The remoteness of the archipelago of the Azores in the North Atlantic has saved the beautiful green islands from becoming overdeveloped. International flights do make their way to the Azores, which lie 900 miles west of Portugal. But as of yet, tourism has not spoilt the islanders' traditional way of life nor marred the magnificent natural attractions, including the geysers at Lagoa das Furnas or the white sand beaches of Lagoa da Fogo.
Those who visit soon manage to drop the words 'stress' and 'pollution' from their vocabularies, and give in totally to enjoying the islands' year round subtropical climate with mild temperatures and high humidity. The only concern that might arise is the odd earth tremor: the islands are rather geologically unstable and pitted with volcanoes and hot sulphur springs.
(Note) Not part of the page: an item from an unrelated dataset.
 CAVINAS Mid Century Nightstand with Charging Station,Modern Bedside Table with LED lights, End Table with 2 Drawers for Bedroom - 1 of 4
The 250,000 inhabitants seem unperturbed by this, however, and go about their daily rounds much as their forefathers did hundreds of years before.
The daily business is generally agricultural labour. The Azores is characterised by large tracts of farmland, sprinkled with little settlements of whitewashed houses. The gently sloping hillsides are carpeted with vineyards and fruit orchards. The coast of the islands is, in the main, rather rugged, but there are bays and inlets for swimming and sunbathing with the odd stretch of white sand. Island hopping is simple to achieve because all the islands are connected by ferry and local air services.